This patch introduces a new type `LayerFileName` which replaces the use
of `Path` / `PathBuf` / `RemotePath` in the `storage_sync2` APIs.
Instead of holding a string, it contains the parsed representation of
the image and delta file name.
When we need the file name, e.g., to construct a local path or
remote object key, we construct the name ad-hoc.

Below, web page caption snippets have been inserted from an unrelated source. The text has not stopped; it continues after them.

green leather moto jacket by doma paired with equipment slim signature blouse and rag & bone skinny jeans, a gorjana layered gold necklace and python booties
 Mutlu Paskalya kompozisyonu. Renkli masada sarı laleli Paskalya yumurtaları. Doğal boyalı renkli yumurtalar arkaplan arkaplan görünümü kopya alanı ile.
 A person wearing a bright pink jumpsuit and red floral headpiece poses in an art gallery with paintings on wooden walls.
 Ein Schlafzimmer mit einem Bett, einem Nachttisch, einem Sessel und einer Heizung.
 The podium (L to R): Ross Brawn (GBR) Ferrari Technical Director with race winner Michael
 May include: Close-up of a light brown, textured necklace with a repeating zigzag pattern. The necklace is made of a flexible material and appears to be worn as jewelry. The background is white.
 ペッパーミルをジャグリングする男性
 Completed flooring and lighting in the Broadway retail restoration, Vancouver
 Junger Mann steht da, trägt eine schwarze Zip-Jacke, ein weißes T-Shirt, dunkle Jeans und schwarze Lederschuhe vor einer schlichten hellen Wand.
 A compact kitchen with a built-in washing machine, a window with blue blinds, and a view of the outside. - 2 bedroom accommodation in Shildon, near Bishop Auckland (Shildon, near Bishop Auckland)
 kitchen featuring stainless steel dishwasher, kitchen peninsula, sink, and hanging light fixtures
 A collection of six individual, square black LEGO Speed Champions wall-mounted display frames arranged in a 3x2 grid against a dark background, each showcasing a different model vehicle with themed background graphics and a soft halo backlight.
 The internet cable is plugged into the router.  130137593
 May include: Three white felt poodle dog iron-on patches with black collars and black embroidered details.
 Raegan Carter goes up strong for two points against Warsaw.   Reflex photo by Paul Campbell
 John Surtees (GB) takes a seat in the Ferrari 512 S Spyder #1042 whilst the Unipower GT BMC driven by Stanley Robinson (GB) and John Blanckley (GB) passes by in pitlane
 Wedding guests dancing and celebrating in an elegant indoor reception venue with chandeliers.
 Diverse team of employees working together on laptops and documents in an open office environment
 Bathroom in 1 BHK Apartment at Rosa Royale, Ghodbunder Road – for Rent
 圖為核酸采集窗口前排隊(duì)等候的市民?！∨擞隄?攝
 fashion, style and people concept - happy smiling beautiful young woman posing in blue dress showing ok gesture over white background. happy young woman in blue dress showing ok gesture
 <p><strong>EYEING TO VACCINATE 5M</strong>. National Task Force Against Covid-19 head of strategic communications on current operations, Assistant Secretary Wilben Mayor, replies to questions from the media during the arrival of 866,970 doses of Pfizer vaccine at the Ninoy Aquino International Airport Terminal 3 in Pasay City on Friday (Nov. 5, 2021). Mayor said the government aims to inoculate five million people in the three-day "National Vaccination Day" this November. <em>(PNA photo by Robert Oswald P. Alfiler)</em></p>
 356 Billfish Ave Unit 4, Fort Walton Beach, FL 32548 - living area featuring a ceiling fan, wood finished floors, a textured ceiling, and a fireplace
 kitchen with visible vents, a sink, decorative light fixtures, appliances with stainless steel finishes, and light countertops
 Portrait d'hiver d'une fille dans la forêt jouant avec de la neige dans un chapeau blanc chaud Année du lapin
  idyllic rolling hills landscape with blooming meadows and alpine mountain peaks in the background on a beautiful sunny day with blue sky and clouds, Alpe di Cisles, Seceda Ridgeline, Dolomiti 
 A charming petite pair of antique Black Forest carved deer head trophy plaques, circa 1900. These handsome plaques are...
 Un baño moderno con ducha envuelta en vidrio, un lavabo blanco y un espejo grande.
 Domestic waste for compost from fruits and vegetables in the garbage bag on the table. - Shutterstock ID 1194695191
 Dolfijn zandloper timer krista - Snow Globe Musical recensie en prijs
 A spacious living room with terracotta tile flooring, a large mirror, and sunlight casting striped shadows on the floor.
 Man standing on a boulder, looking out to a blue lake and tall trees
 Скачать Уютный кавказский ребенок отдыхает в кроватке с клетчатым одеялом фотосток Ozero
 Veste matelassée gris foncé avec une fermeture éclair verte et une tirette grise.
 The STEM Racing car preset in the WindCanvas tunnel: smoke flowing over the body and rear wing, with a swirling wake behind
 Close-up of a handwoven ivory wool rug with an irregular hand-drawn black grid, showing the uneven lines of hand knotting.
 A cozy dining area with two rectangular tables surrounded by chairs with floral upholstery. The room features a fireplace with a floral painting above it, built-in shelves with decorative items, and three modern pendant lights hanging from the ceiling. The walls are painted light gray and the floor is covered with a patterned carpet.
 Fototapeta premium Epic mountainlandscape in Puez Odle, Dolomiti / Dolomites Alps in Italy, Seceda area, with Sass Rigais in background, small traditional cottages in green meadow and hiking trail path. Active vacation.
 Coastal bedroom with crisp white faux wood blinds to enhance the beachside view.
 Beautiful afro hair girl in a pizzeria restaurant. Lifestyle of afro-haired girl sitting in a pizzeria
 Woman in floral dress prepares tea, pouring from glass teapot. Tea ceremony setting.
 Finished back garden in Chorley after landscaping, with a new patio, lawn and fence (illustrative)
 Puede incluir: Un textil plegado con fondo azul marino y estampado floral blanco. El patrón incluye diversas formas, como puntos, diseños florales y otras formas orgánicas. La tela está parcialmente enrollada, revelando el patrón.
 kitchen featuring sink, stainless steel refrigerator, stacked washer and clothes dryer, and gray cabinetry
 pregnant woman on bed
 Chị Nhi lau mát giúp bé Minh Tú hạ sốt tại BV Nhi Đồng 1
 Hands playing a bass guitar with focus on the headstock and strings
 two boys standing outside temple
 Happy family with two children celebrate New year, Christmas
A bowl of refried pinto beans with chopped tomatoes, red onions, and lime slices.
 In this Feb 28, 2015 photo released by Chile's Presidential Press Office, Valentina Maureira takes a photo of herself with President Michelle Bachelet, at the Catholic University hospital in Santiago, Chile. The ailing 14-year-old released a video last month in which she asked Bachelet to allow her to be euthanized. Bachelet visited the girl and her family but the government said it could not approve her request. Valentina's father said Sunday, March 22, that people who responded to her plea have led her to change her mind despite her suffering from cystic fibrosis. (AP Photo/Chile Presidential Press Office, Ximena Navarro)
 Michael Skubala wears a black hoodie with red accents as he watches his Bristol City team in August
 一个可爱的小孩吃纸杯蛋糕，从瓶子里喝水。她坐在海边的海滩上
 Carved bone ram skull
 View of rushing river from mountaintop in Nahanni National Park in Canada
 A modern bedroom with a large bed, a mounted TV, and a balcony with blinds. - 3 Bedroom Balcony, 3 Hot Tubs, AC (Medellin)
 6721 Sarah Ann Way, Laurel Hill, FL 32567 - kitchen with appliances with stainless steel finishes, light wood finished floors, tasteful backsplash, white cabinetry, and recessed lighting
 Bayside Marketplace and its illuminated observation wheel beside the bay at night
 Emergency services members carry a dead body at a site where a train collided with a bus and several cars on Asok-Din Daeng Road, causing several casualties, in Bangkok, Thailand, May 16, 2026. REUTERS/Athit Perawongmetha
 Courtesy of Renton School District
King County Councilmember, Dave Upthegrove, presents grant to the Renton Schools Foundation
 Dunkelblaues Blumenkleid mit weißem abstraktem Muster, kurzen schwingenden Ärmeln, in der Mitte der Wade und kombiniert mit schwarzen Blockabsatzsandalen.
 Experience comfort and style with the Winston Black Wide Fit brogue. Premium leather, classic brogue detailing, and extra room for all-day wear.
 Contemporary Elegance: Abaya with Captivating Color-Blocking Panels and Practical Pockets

`LayerFileName` is also serde {Dese,Se}rializable, and in an initial
version of this patch, it was supposed to be used directly inside
`IndexPart`, replacing `RemotePath`.
However,
commit 3122f3282f
Ignore backup files (ones with .n.old suffix) in download_missing
fixed handling of `*.old` backup file names in IndexPart, and we need
to carry that behavior forward.
The solution is to remove `*.old` backup files names during
deserialization. When we re-serialize the IndexPart, the `*.old` file
will be gone.
This leaks the `.old` file in the remote storage, but makes it safe
to clean it up later.
There is additional churn by a preliminary refactoring that got squashed
into this change:
split off LayerMap's needs from trait Layer into super trait
That refactoring renames `Layer` to `PersistentLayer` and splits off a subset
of the functions into a super-trait called `Layer`.
The upser trait implements just the functions needed by `LayerMap`, whereas
`PersisentLayer` adds the context of the pageserver.
The naming is imperfect as some functions that reside in `PersistentLayer`
have nothing persistence-specific to it. But it's a step in the right direction.